Conservative vs Liberal Morality From
The American Prospect, a very interesting little article.
I've been thinking a lot over the past week about frameworks and schemas and how everything we know is known within an interpretive framework. What set me off was realizing that
Kerry has been successfully framed as a flip-flopper, just as
Gore was framed as a liar. So I was thinking of ads that would counteract that and how to reframe his behaviors in a different context, like "It's not flip-flopping to adapt to changing circumstances, in fact it's irresponsible of Bush not to." There's no point in arguing "facts" because how Kerry voted on Bill X isn't the issue--WHY he voted that way is. So getting into "facts" is playing their game, and they made the rules, so guess who wins? Anyway, the point is not to prove people wrong but to change minds, and telling people "you're wrong" is not going to make them open to your message. Hence "reframing". It's at the emotional pre-fact level so I was thinking a very strong visual referencing the idea itself, like Kerry putting on flip-flops because he's about to walk on the beach, or a guy changing horses midstream because the first horse is lame and unable to cross. Definitely NOT a lot of talking.

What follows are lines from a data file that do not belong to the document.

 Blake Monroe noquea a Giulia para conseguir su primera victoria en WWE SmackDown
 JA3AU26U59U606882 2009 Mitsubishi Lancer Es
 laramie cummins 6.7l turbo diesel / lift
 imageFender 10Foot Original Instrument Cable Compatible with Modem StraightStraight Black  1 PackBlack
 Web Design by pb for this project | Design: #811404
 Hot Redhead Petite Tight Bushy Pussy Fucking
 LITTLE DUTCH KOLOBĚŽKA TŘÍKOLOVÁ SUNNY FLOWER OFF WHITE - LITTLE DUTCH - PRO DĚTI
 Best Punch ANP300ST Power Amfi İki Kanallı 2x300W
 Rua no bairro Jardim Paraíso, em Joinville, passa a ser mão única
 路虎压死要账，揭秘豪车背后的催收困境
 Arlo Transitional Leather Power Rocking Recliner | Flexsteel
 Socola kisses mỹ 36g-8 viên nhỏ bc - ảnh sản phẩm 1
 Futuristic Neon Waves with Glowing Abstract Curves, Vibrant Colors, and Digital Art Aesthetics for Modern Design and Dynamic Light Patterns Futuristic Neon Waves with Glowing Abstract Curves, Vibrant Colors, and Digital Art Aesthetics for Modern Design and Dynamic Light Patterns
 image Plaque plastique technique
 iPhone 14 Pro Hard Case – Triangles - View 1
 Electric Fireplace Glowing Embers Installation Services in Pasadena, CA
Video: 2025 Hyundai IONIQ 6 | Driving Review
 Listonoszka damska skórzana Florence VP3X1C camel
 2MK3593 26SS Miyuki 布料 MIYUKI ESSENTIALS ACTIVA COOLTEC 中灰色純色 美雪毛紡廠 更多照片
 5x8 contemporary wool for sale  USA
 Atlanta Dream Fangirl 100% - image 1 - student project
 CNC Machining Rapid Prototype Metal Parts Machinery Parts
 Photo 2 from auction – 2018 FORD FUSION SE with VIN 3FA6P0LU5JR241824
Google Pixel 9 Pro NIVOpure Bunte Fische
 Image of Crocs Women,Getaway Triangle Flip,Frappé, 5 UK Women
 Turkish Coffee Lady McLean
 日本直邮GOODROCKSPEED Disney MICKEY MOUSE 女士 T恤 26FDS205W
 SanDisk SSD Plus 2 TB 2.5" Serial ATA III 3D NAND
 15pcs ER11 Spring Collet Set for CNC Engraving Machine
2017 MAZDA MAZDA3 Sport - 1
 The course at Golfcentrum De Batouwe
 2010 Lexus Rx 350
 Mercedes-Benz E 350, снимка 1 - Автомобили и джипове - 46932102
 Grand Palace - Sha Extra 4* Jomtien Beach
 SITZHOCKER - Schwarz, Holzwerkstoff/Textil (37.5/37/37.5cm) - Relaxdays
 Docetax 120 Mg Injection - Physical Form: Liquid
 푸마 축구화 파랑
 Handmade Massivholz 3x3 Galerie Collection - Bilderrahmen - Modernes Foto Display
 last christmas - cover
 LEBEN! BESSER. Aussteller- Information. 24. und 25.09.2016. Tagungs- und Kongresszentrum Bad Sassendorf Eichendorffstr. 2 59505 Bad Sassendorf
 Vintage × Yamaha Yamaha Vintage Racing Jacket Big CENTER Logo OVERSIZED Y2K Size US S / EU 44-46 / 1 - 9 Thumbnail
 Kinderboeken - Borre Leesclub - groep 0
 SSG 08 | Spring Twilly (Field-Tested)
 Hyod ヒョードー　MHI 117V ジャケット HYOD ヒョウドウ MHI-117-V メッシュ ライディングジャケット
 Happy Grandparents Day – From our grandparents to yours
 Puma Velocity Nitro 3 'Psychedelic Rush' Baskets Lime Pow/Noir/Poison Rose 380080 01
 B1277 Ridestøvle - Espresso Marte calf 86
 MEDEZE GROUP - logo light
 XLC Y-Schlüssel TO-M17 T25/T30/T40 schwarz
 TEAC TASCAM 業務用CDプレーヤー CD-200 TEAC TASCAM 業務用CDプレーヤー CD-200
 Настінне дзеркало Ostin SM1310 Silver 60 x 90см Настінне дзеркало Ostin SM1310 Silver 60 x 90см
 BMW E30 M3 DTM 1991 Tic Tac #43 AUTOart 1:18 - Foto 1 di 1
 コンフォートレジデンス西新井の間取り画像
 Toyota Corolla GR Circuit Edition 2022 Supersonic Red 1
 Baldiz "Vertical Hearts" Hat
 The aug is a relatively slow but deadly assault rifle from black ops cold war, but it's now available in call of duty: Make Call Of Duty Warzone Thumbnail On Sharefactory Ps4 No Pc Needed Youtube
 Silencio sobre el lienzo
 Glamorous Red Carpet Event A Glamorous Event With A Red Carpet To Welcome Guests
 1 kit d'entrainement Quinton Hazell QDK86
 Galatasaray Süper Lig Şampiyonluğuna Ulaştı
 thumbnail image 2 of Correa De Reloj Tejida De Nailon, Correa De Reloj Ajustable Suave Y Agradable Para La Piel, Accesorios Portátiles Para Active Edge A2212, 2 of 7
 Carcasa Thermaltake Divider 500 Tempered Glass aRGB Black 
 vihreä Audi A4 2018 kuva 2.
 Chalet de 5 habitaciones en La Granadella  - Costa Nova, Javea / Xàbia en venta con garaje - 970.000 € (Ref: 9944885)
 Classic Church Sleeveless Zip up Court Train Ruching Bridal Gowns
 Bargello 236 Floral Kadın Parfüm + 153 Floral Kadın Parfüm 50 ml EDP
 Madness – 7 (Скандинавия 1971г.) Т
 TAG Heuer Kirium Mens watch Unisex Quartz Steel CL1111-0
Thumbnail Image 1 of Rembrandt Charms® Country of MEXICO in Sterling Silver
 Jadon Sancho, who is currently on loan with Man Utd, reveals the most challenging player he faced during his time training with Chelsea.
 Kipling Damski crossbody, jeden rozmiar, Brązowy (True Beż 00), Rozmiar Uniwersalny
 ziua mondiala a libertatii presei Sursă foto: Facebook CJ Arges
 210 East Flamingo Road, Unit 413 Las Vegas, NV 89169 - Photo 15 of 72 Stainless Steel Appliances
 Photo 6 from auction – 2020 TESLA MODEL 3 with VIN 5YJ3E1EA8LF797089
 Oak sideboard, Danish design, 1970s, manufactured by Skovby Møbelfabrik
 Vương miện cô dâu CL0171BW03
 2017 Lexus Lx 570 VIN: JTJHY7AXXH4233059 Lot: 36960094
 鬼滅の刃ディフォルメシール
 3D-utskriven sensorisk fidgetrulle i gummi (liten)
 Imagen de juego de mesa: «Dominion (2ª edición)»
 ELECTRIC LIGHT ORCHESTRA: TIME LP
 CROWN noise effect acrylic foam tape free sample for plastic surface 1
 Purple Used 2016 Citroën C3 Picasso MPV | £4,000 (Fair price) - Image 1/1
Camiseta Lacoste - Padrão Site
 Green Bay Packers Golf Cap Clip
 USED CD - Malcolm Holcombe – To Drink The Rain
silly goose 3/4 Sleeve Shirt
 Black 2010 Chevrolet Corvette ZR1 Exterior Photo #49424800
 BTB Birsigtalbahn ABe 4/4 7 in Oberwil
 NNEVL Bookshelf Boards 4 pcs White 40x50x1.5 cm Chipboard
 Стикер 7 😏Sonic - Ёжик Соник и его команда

This TAP article reminds me of schemas via the ideas of
George Lakoff. I had read an article summarizing his argument a few months ago and I find it up there with the Al-Qaeda article I blogged about in terms of explanatory power. I can't find it now, but
this interview is just as good. The way Lakoff brings the experiences back to the family and conceptions about how families work is just incredible. If you get this framework into your head, American political discourse jumps into focus. It's amazing.
And the TAP article about morality fits right in.